Phil Tuckett is the producer-director of a coming History Channel documentary entitled ''My Father's Gun,'' a family memoir of three generations of New York City policemen. He is on the opposite side of the debate. ''It's not interesting to me to do a film that relies on reminiscences and still photographs,'' he said.

Although his film uses archival material and has talking heads reminiscing, the stories are depicted in dramatized scenes. ''I think to the average viewer, this approach pulls you more into the moment,'' Mr. Tuckett said. ''It's more personal.''

On one thing most documentary-makers agree: the use of re-creations in any form requires considerable taste and skill.

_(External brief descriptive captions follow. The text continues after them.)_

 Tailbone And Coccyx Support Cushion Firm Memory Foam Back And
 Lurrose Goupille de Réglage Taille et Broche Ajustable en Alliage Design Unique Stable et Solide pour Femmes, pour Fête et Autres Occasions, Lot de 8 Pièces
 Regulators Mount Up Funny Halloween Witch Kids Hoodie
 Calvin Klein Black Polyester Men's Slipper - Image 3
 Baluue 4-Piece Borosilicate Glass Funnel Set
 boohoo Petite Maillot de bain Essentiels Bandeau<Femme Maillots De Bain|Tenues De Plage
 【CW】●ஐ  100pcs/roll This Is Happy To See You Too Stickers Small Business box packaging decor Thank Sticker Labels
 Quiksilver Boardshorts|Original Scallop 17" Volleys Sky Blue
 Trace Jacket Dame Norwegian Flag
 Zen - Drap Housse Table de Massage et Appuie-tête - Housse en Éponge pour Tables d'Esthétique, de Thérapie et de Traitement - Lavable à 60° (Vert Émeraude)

Mr. Samels, of ''American Experience,'' said many filmmakers at the history-producers conference had been uneasy about the challenge of integrating re-enactments into their work.

For the makers of the Grant documentary, the challenge involved finding a way to make the transitions between staged scenes and archival material as seamless as possible.

''The minute you begin to pay attention to the fact that you're watching a re-creation, you're out of the story,'' Ms. Bosch said. ''It's like a magician. The second you reveal that you're doing a trick, people are going to look for what the trick is.''

Should networks and producers establish guidelines for using re-creations? Even a relative purist like Mr. Burns dismisses the idea. ''I think that the important thing that we don't do is proclaim an orthodoxy and set rigid rules,'' he said. ''I've broken my own rules from time to time. We're constantly asking our questions about what is aesthetically and ethically correct.''

Documentary filmmakers may be discovering what historians have known for a long time. ''Historians blur the lines,'' said Robert Tignor, chairman of Princeton University's history department. ''I think we're all in the business of re-creating. That's what history is. It's a reconstruction of the past as viewed by specific individuals''.